= EXERCISE INSTRUCTIONS =
Each line of the data is to be output verbatim, with the images removed.

(Crawled caption data)
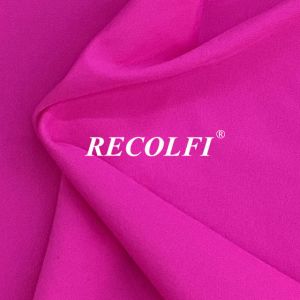 China Sustainable Activewear Knit Fabric UPF 50 Compression Lining Yoga Wear on sale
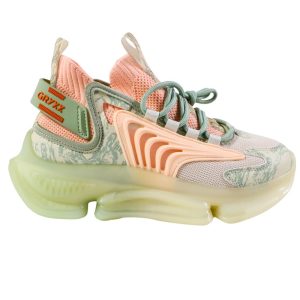 Pantofi sport dama GRYXX 7D21016A B1-Z Verzi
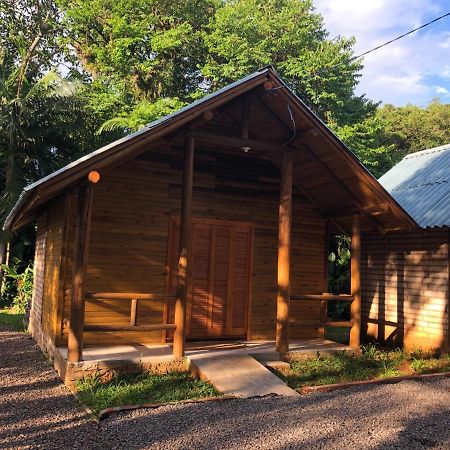Chales Itaimbezinho Прая Гранде Екстериор снимка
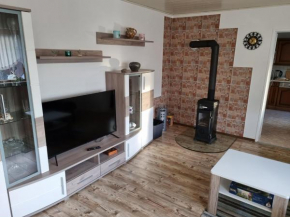 Ferienwohnung auf Kampen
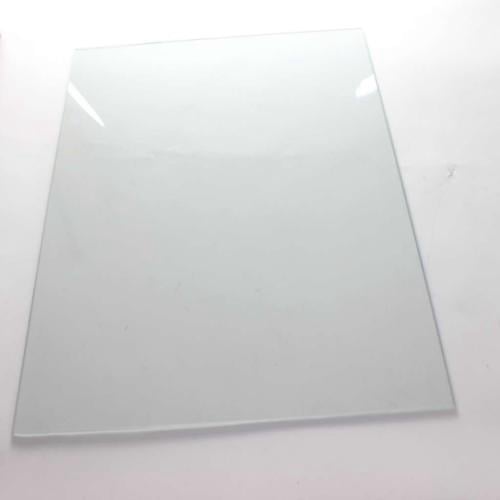 Kenmore 25364170405 replacement part - Frigidaire 240350609 Insert-Pan Cover,Glass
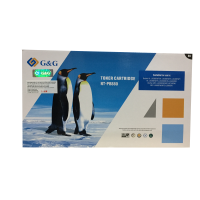 Mực in G&G Laser Trắng Đen NT-PB880
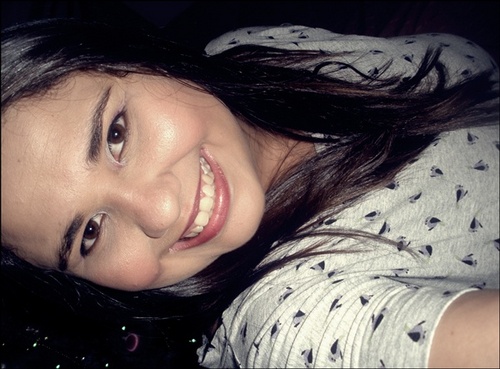 A mais linda história de amor foi o Senhor quem contou, viveu e morreu por mim, me amando até o fim!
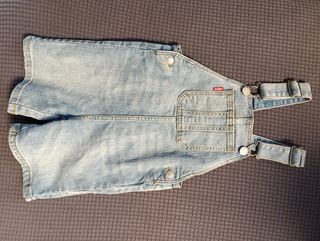 Peto niño vaquero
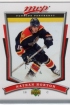 2007-08 Upper Deck MVP #195 Nathan Horton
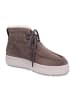 Marc O'Polo Schnürschuh in beige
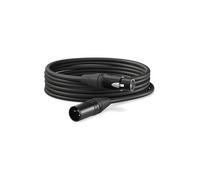 Rode Câble de liaison XLR XLR6M 6 m Noir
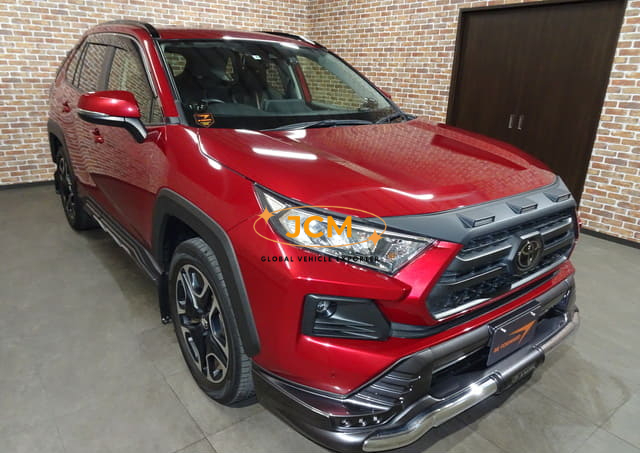 
								2019 TOYOTA RAV4 ADVENTURE full									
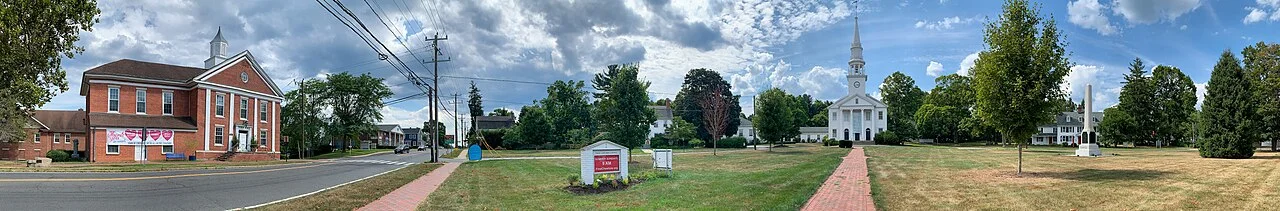 Photo of Cheshire Village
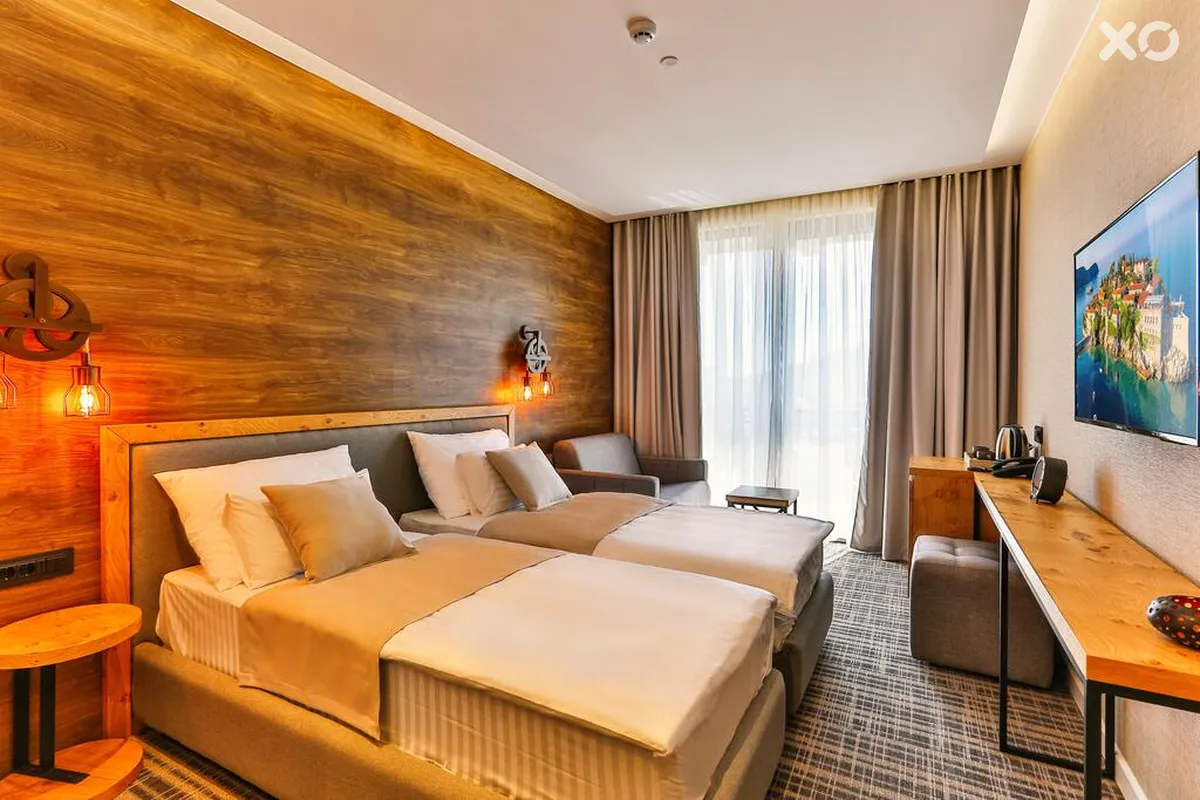 Tate Boutique Hotel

= OUTPUT FOR THIS TASK =
 China Sustainable Activewear Knit Fabric UPF 50 Compression Lining Yoga Wear on sale
 Pantofi sport dama GRYXX 7D21016A B1-Z Verzi
Chales Itaimbezinho Прая Гранде Екстериор снимка
 Ferienwohnung auf Kampen
 Kenmore 25364170405 replacement part - Frigidaire 240350609 Insert-Pan Cover,Glass
 Mực in G&G Laser Trắng Đen NT-PB880
 A mais linda história de amor foi o Senhor quem contou, viveu e morreu por mim, me amando até o fim!
 Peto niño vaquero
 2007-08 Upper Deck MVP #195 Nathan Horton
 Marc O'Polo Schnürschuh in beige
 Rode Câble de liaison XLR XLR6M 6 m Noir
								2019 TOYOTA RAV4 ADVENTURE full									
 Photo of Cheshire Village
 Tate Boutique Hotel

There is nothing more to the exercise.